Israel has started preparations for the construction of the separation fence east of the West Bank Jewish town of Ariel, and also the Kedumim and Immanuel settlements. Two weeks ago, Defense Ministry officials sent Palestinian residents of the Salfit town, south of Ariel, preliminary appropriation orders for land upon which the fence is to be built.
This land appropriation move is at variance with the U.S. government's understanding that such steps would not be taken in the foreseeable future, and that the separation fence project in these West Bank areas would be deferred.
Yet the move upholds a promise given by Prime Minister Ariel Sharon to Finance Minister Benjamin Netanyahu which clinched the latter's support for the disengagement plan: Sharon indicated to Netanyahu that the separation fence in the Ariel area would be completed before the withdrawal from the Gaza Strip is finished.
Netzah Mashiah, who heads the Defense Ministry's seam area authority, told Haaretz yesterday that plans call for the completion of the separation fence east of Ariel, Immanuel and Kedumim by May 2005.
About two weeks ago, civil administration officials in this West Bank region met with Palestinian Authority delegates and presented the land appropriation orders, along with a map of the precise area slated for the fence - the area is 3.5 kilometers long, and 100 meters wide, and runs between Ariel and Salfit.
Appropriation orders for the Immanuel and Kedumim areas will be released in coming weeks.

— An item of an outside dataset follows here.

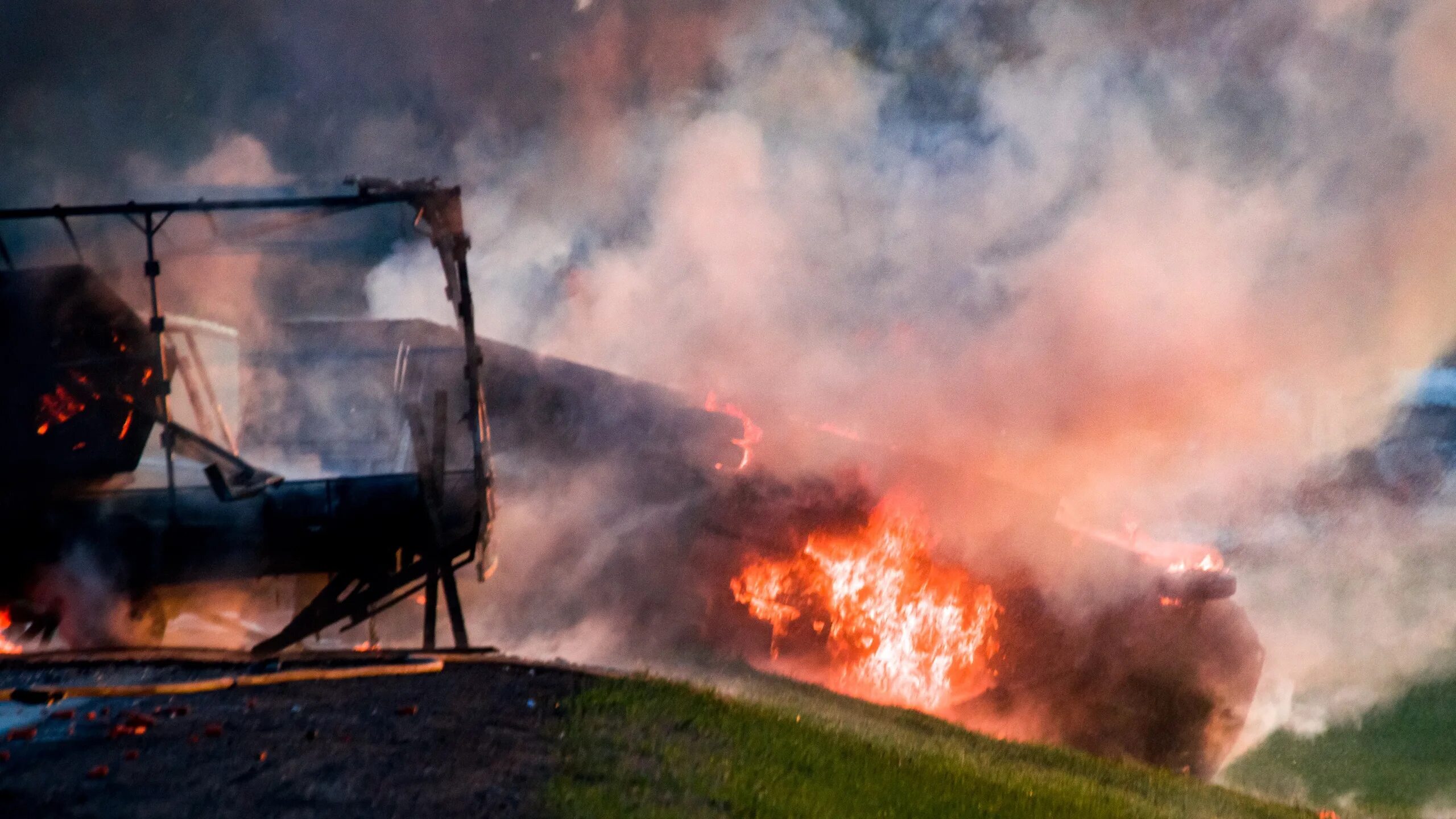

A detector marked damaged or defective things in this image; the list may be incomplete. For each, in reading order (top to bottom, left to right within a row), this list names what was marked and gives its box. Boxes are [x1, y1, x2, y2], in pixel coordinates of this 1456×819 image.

charred metal frame [0, 180, 495, 650]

After these orders are issued, construction of the separation fence in the heart of the West Bank will begin.
The lands to be appropriated in the Salfit area are the southern part of what Israeli security officials refer to as the "fingernails" zone - the term alludes to separation fence stretches that will ring large Jewish settlements on the West Bank. Fingernails planned for construction include the area around Kedumim in the north; around Immanuel and Karnei Shomron in the center of this West Bank region; and Ariel in the south. According to plans, the fingernails will in the future be expanded into what Israeli officials call "fingers" - meaning the separation fence will be continued up to the 1967 Green Line border. The current plan to build the separation fence from Ariel to Kedumim would eventually lead to the annexation of 150 kilometers of West Bank land to Israeli territory.
Mashiah explains: "The appropriation orders distributed in the Salfit area are for the southern part of the Ariel fingernail and legal work [for the security fence construction] in this area has been completed. All of the fingernails in this West Bank area - in Kedumim, Immanuel and Ariel - will be completed, according to the plans, by May 2005. Construction of what is called the fingers [i.e. the expansion of the fence up to the Green Line] is supposed to start in early 2005, but no fixed timetable for the completion of this stage of the work has been determined."

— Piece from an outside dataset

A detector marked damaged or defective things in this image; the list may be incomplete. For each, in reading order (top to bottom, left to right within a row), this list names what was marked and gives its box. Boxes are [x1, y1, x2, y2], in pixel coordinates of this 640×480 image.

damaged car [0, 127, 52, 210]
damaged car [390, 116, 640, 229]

American officials originally demanded that Israel abandon plans to build the separation fence in these areas of the West Bank.

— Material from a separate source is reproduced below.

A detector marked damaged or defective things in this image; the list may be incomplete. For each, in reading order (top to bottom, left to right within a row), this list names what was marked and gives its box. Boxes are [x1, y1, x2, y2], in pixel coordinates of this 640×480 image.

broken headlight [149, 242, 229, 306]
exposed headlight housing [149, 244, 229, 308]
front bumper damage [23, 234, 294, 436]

Subsequently an agreement was reached with officials in Washington under which the fingernails are to be completed in 2004 east of Ariel, Kedumim and Immanuel, and then a year later these fence stretches are to be connected to the Green Line.
Recently, Defense Ministry officials have tried to coordinate construction of the fingernails with settlers from the area, security officials have told Haaretz. However, in the Kedumim area, Jewish residents have voiced opposition to the plan to build the separation fence around their settlement. Also, legal obstacles impeded the construction of the fence in the Immanuel area, say the security officials.
Due to this combination of legal impediments and settler resistance in cases of two of the planned fingernails, the defense establishment decided two weeks ago to focus efforts in the southern stretch of the fence, around Ariel, these officials explain.
Caught in enclaves
Dozens of Palestinian villages will be affected by the construction of the separation fence in these stretches of the West Bank. Residents of some of these villages will be caught in enclaves.
Under appropriation orders issued two weeks ago by civil administration officials to land owners in Salfit, the property is to be taken by the end of 2007.
Nawaf Suf, a PA liaison official from the Salfit area said yesterday: "We all know that expropriated land will never be returned to its owners, even if not even a centimeter of the separation fence is ever built ... The fence will promote development of the settlements, whereas it will cut off and destroy life in local Palestinian villages, whose residents will become hostages."